What we know not, teach us. What we have not, give us. And what we are not, make us.
It’s in Jesus name we pray… Amen.
I’ll say bless the Lord if you say “Oh my soul,”
Bless the Lord
“Oh, my soul.”
Oh, Bless His holy name.
Good morning. My name is Eric Warren and I have the pleasure of serving on staff as your student pastor.
A special thank you to my friend __________ for reading that portion of 1 Timothy 6.
We will actually pour over all of chapter 6 so I invite you to open there and track along because we certainly have a lot of ground to cover.
But you heard _________ read a bit ago and you heard this encouragement from Paul to his little brother in the faith, Timothy, as he charged him to Fight the good fight of faith, which can sound a little extreme.
That might play well with some. Some may really gravitate to that thought. To fight… to rise up… But many may shrink back because the thought of such conflict makes you just a bit uncomfortable.

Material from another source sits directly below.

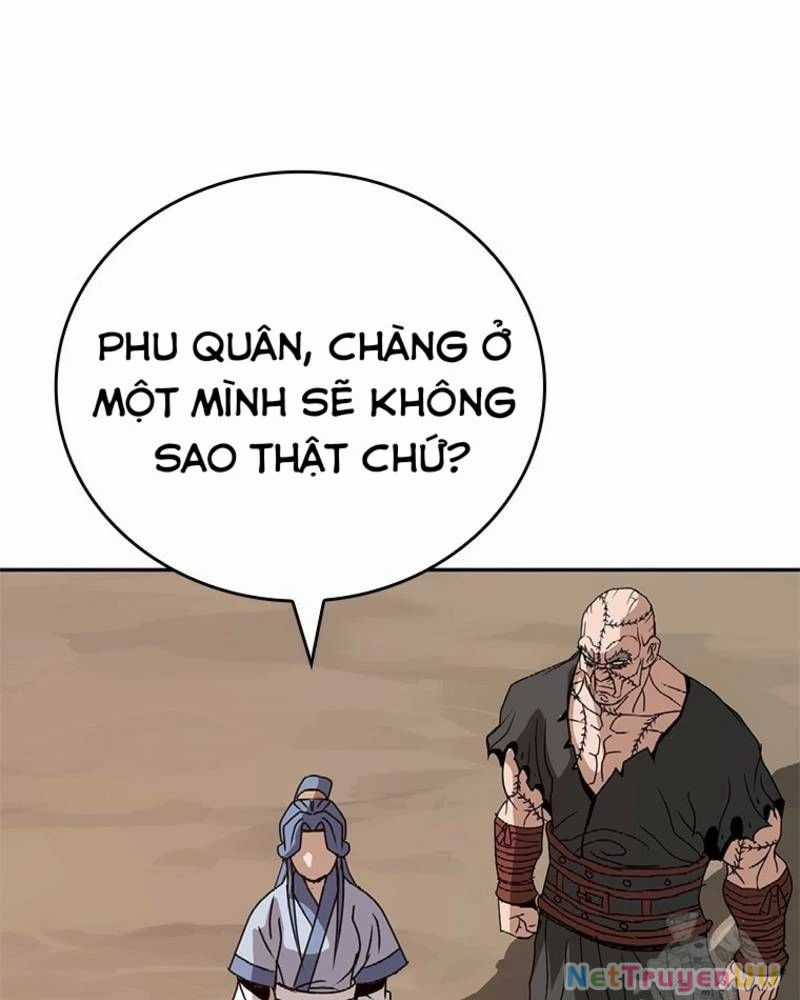 Vô Địch Vạn Quyền, Bất Khả Chiến Bại Chapter 42 trang 34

But friends what I hope that we see as we unfold God’s Word and we look at the world around us is that there is absolutely something deeper at hand.
We believe what we say in here week in and week out that a life with Jesus does not merely mean moral improvement, or advancement, but trusting in Christ as your savior truly is crossing over from eternal death in your sin, into eternal life with the one true King, and you are enlisted, friend, into the King’s army.
Someone who paints this beautifully is CS Lewis in His Chronicles of Narnia series. If you’re unfamiliar, in the first book The Lion, The Witch, and The Wardrobe, the entire Peavensie family stumbles into this mythical land where it’s always winter and never Christmas.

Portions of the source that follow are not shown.